» **Provided data**:
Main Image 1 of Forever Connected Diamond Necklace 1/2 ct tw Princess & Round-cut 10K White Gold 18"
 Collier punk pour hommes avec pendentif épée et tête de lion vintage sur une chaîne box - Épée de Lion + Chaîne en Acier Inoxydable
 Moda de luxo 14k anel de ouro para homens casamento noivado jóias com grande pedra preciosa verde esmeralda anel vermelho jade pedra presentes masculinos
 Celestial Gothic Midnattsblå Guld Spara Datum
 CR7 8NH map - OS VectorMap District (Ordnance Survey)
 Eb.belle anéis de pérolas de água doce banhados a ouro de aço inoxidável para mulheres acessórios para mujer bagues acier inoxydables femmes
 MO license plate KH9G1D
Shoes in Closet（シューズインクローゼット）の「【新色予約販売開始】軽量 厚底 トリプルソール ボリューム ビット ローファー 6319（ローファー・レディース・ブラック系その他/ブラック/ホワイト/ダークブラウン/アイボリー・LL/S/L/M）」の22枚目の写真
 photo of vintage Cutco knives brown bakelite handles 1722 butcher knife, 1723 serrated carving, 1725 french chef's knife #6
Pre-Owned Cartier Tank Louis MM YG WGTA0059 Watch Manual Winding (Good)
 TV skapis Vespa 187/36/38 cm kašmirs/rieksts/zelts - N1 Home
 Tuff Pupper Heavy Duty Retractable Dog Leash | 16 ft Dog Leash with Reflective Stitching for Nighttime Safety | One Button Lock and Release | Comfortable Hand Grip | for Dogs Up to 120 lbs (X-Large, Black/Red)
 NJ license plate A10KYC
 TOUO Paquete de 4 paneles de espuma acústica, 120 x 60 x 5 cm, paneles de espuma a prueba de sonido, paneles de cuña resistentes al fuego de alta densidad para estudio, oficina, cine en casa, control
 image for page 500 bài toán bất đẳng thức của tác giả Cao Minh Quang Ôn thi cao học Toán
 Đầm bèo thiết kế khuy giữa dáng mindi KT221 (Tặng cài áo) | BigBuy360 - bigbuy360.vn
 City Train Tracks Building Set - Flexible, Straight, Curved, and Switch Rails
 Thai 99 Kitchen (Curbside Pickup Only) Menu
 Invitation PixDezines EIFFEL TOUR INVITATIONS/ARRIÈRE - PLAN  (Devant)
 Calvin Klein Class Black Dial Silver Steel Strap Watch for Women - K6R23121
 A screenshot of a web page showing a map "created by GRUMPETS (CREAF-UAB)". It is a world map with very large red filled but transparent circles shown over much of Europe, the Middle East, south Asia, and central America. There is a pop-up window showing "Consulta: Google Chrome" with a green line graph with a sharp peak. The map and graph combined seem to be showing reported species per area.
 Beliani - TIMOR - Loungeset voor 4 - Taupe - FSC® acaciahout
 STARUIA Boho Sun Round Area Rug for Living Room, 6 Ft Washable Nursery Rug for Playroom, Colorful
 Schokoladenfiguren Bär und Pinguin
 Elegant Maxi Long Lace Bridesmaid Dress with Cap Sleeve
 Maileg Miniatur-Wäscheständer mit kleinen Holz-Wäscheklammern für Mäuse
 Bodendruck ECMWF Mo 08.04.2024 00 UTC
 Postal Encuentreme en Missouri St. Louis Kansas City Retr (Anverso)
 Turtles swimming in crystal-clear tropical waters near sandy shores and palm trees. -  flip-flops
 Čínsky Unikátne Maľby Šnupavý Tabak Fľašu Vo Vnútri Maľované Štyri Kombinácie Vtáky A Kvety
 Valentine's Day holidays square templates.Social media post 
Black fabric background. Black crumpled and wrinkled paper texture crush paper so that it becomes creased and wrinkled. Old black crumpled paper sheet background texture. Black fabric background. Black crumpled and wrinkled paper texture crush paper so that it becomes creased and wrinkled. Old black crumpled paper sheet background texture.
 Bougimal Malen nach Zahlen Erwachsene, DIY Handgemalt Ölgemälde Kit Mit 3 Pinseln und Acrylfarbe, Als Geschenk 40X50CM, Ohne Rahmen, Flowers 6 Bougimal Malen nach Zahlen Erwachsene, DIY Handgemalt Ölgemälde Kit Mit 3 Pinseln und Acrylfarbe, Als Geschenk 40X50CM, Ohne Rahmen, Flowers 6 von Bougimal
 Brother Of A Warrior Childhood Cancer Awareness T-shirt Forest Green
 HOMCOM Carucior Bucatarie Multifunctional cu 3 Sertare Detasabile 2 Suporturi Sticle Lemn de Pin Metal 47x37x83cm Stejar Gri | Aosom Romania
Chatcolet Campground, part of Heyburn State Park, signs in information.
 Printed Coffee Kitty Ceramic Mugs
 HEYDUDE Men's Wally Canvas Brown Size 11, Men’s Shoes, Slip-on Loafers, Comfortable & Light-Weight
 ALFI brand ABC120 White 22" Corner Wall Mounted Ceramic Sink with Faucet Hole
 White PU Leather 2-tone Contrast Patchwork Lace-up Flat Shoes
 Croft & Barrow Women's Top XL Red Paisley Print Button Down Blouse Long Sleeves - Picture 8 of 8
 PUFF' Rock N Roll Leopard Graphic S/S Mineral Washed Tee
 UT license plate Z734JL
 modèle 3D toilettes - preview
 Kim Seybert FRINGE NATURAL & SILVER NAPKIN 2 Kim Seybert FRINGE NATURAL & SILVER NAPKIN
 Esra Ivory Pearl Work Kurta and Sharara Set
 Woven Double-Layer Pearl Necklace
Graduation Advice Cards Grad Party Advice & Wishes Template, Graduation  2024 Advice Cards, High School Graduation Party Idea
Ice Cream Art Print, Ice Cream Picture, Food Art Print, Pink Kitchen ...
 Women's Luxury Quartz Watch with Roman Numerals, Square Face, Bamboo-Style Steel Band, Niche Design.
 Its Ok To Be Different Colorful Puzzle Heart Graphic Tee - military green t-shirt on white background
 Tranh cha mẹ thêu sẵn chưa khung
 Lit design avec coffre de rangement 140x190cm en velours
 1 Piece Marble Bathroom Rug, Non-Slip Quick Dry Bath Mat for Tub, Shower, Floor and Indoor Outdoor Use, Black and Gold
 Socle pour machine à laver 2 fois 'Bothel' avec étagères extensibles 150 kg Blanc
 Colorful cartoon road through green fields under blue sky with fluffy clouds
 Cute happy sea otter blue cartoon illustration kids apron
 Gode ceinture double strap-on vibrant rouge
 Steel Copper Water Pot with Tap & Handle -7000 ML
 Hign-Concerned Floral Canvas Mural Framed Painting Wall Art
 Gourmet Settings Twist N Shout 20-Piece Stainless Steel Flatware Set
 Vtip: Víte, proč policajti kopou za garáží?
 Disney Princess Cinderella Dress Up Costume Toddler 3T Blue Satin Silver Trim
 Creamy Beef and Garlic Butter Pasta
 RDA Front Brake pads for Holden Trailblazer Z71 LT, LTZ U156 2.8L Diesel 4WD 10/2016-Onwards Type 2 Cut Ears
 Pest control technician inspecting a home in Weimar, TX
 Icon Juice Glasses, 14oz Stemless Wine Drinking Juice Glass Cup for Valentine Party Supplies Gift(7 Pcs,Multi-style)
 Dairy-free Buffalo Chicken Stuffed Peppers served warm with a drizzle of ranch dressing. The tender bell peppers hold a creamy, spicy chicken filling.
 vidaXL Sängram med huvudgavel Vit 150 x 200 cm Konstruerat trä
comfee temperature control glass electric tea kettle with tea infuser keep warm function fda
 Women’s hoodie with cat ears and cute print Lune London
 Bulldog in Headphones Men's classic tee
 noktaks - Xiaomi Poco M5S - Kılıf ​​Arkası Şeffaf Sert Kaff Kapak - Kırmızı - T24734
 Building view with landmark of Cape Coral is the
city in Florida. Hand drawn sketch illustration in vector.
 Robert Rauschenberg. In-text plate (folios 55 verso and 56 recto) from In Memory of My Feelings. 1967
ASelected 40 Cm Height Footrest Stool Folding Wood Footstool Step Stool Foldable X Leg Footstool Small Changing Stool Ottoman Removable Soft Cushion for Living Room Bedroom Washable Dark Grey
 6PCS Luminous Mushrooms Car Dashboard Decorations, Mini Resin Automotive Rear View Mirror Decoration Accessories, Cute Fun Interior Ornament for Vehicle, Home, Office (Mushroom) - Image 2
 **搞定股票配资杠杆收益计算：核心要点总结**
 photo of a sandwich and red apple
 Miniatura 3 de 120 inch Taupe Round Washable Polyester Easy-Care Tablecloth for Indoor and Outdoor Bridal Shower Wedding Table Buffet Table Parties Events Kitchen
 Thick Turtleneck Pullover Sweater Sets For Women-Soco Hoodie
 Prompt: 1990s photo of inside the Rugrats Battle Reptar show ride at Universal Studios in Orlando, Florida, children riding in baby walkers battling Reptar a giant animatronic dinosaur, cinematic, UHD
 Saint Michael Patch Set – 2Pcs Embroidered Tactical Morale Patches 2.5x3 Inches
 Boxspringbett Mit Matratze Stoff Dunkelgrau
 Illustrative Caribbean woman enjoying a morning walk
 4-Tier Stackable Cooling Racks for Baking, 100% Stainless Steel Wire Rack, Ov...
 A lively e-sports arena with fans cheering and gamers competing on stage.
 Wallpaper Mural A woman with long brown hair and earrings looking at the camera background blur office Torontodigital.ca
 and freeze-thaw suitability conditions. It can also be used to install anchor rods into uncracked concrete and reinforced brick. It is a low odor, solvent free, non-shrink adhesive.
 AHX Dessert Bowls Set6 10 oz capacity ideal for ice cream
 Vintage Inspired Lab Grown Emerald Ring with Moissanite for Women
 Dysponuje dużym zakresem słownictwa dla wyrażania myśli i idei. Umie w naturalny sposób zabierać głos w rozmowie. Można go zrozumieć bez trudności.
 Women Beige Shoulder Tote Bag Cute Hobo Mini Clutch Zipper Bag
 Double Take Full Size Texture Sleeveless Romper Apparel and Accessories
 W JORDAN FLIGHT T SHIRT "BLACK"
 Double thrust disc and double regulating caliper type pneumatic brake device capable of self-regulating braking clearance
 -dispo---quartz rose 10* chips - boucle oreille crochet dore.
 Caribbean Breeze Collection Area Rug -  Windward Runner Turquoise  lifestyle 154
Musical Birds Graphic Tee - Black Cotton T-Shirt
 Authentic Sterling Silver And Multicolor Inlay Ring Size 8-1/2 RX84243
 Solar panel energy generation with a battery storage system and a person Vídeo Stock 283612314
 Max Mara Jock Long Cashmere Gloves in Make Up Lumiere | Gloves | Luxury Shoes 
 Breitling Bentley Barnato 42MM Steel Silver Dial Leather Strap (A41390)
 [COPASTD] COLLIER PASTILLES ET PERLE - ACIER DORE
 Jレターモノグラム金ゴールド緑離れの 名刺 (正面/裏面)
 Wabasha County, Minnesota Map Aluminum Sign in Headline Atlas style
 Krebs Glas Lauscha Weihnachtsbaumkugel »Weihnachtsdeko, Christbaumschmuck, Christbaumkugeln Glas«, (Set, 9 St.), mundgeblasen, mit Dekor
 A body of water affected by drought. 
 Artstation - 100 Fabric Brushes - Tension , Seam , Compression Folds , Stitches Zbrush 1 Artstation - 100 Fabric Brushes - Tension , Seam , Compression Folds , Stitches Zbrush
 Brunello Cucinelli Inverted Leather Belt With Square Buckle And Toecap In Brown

» **Goal of the exercise**: How many of the lines above contain the word "Picture"? Only the number should be given.

» **Your response**: 2